The ending seems to show two paths for him, either leaving Dally and fully embracing Fascism with the Italians, or going to her to try and work things out and finding his own version of Shambala like Reef and Frank did. It's a lot of words and technical jargon, but sometimes it does just boil down to two choices. Do the the right thing, or choose the path of mindless violence and servitude.


I'm gonna give it a night and think it over some more.

discount cathouse
Mar 25, 2009
is there a good booktuber or podcast for literature out there? I mostly read Real Literature even though its loving hard. I would probably read more often if I read more dumb books.

discount cathouse fucked around with this message at 17:37 on Jan 10, 2023

derp
Jan 21, 2010

when i get up all i want to do is go to bed again

Lipstick Apathy

discount cathouse posted:

I mostly read Real Literature even though its loving hard. I would probably read more often if I read more dumb books.

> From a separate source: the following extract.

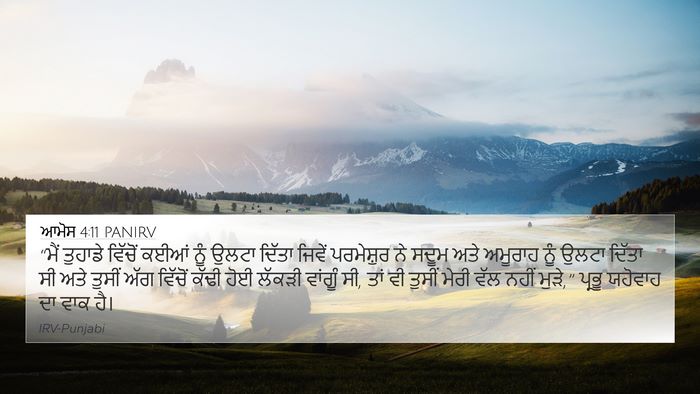 ਆਮੋਸ 4:11 PANIRV Bible Verse Image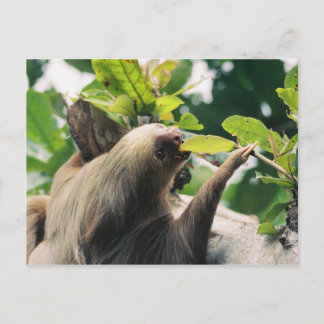 Sloth Postcard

anyone here read a normal book now and then? i find that i just can't. i can't go back. i just got no time or energy for anything that isn't Great anymore. every time i think i'll just read something simple to relax, it only ends up annoying me

blue squares
Sep 28, 2007

derp posted:

anyone here read a normal book now and then? i find that i just can't. i can't go back. i just got no time or energy for anything that isn't Great anymore. every time i think i'll just read something simple to relax, it only ends up annoying me

I loved fantasy and sci fi during my teens and early 20s, but I have had an increasingly difficult time over the years getting through the bad writing and characters that plague the genres

DeimosRising
Oct 17, 2005

¡Hola SEA!


derp posted:

anyone here read a normal book now and then? i find that i just can't. i can't go back. i just got no time or energy for anything that isn't Great anymore. every time i think i'll just read something simple to relax, it only ends up annoying me

Yeah I can’t manage to read any kind of more…casually written, so to speak, novels anymore.

Take the plunge! Okay!
Feb 24, 2007



derp posted:

anyone here read a normal book now and then? i find that i just can't. i can't go back. i just got no time or energy for anything that isn't Great anymore. every time i think i'll just read something simple to relax, it only ends up annoying me

I read non-fiction to relax after reading capital L lit. Something nice like Frazer’s The Golden Bough usually works for me.

thehoodie
Feb 8, 2011

"Eat something made with love and joy - and be forgiven"

discount cathouse posted:

is there a good booktuber or podcast for literature out there? I mostly read Real Literature even though its loving hard. I would probably read more often if I read more dumb books.

I like leaf by leaf on YouTube

lifg
Dec 4, 2000
<this tag left blank>
Muldoon

discount cathouse posted:

is there a good booktuber or podcast for literature out there? I mostly read Real Literature even though its loving hard. I would probably read more often if I read more dumb books.

I listen to Sacred and Profane Love. The host is a philosophy professor (with a catholic slant), and brings on a new guest each episode to talk about a different book or author.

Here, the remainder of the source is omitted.